Can you elaborate what you mean by this? Maybe give a concrete example with data?
Sure I can. It can be reproduced with (probably) one of the most known repositories for people starting to learn Kafka:
You can clone this repository and follow the steps in the Readme file to start the environment with docker-compose, produce test data like it is in the Readme then start the application using Gradle.
If you then call curl localhost:7000/bpm/all
, it will output {"[1@1606122180000/1606122240000]":14,"[1@1606122120000/1606122180000]":120}
as presented in the Readme and as expected.
If you then stop the Java application, and restart it again (using the same command with Gradle), calling the same command curl localhost:7000/bpm/all
will output {}
. Likewise, trying to do a ranged query (curl localhost:7000/bpm/range/1/1606122120000/1606122180000
) will output []
.
If you go and repeat the Produce test data steps again to produce to the 2 topics, querying the REST Api again will behave as expected previously, which is why I believe that the streams application will somehow store the last read offset and, if the application restarts, will just start reading again everything afterwards but not before that offset (which probably is a good thing for a streaming application, but not a good thing if you want to query the history again).
Let me know if you need more information. Thank you!
Looking into the code, it seem to be correct. – What should happen after a restart is, that Kafka Streams reload it’s previous state into the state store. However, as long as the state store is rebuilding, it cannot be queried; by default, you can only query it after recovery finished.
Couple of question:
- How long did you wait after restart before you queried?
- Did you inspect the logs of the application for errors (for example all() would throw an exception if the state store is not fully rebuilt yet).
- Did you monitor the
KafkaStreams
client state? As long as it’s not inRUNNING
state, you cannot query the stores (at least not by default; you would need to tell the system that you want to allow querying it, what could also mean that it might return stale data). Kafka Streams logs state transition and also expose it as JMX metrics. You can also access it programmatically if you want (eg,KafkaStreams#state()

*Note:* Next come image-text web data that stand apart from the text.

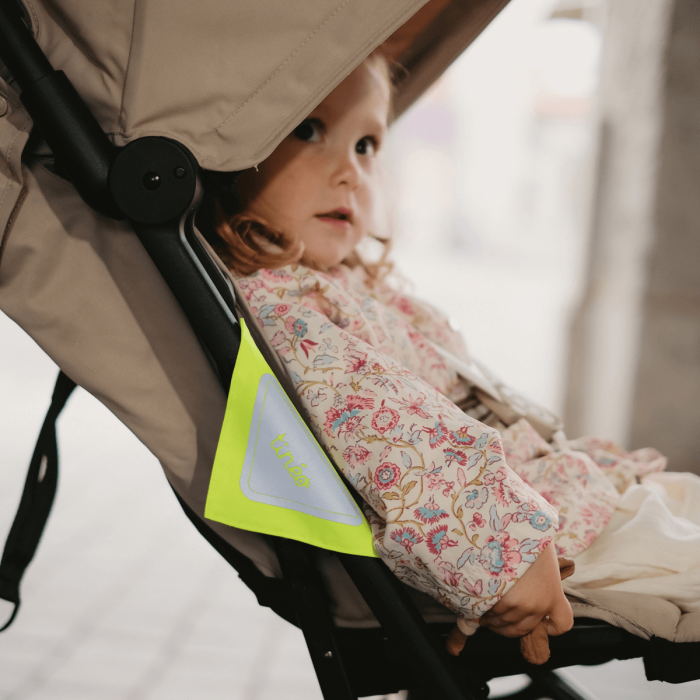 Multi-surface reflective patches - Tinéo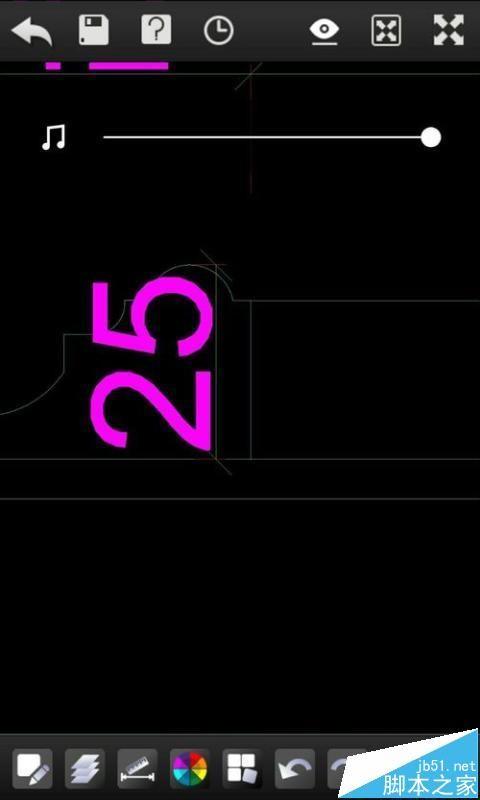 手机怎么看cad图纸? 手机接收并查看cad图纸的教程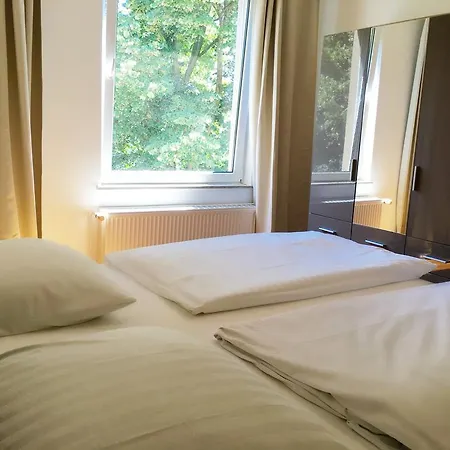 Apartmán Old Town View Kolín nad Rýnem
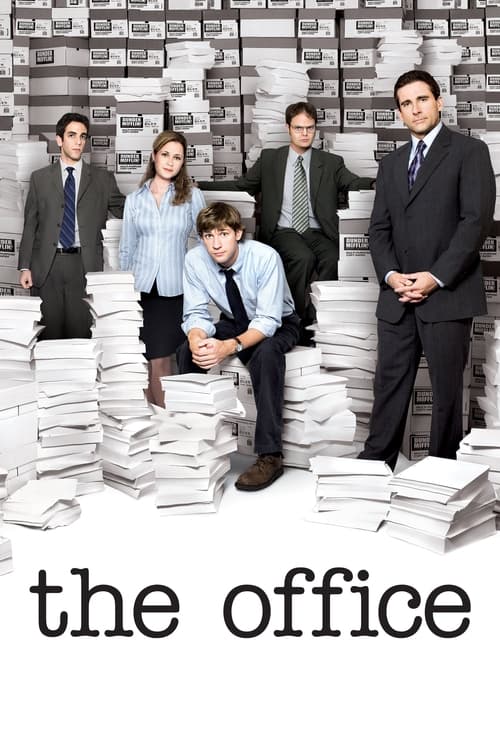 Show cover for The Office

orKafkaStream#setStateListener(...)
).
Hello,
Thank you for taking the time to reply. To answer your questions:
- I waited 1 minute and I also waited 15 minutes. The results were the same (no data could be read from the state store from the past)
2 + 3. I (wanted to attach) 2 logs, one from the first run of the application, when the application behaves correctly and one from the second run (after application stop + restart) when it does not find the previous values. The KafkaStreams client state is RUNNING before trying to query. (Apparently I can only attach pictures so I will post 2 links to pastebin with the logs)
Let me know what other information you would need. Also, if you have any sample application that behaves as expected after a restart, I would be happy to test it.
Thank you.
Correct run link: Correct run
Incorrect run link: Incorrect run
The logs for both runs say:
Finished restoring changelog […] with a total number of 0 records
For the first run, it’s expected, but not for the second.
It seems the data is not in the changelog any longer. I dug around a little more in the GitHub repo, and I think the issue is the input data in combination how data retention works in Kafka brokers (which is different to how Kafka Streams handles it).
The data encodes timestamps in the payload, and a custom timestamp extractor is used. The extracted timestamps are old, leading to the issue.
On your first run, input data is consumed, processed, and state stores are updated. At the same time, we write into the changelog topics. For writing into the changelog topics, we use the extracted (old timestamps) from the payload which are set a record timestamps. Here the issue starts: broker compare record timestamps to current wall-clock time to determine if data is expired – because the timestamps are older than retention time, the broker delete the data quickly after they where written. – At the same time, the state stores still hold on to the data and you can query it. Kafka Streams does not take wall-clock time into account to delete data, but compare event-time to “stream-time” (stream-time = max(event-time-seen)).
After a restart, you lost your state stores and we try to recover from the changelogs. However, the changelogs did expire data and thus you end up with empty state stores.
If you modify the input data to use recent timestamp in the payload, it should avoid the issue.
The issue does not apply to the input topic, because the old timestamps are in the payload, while the record timestamp are current.
Thank you so much for the detailed explanation. I changed the timestamps in the input data and the application works as you described it.
Also, thank you for the insight into how Kafka streams and broker behave in this situation, it is a reply that really helps me learn more.
This topic was automatically closed 7 days after the last reply. New replies are no longer allowed.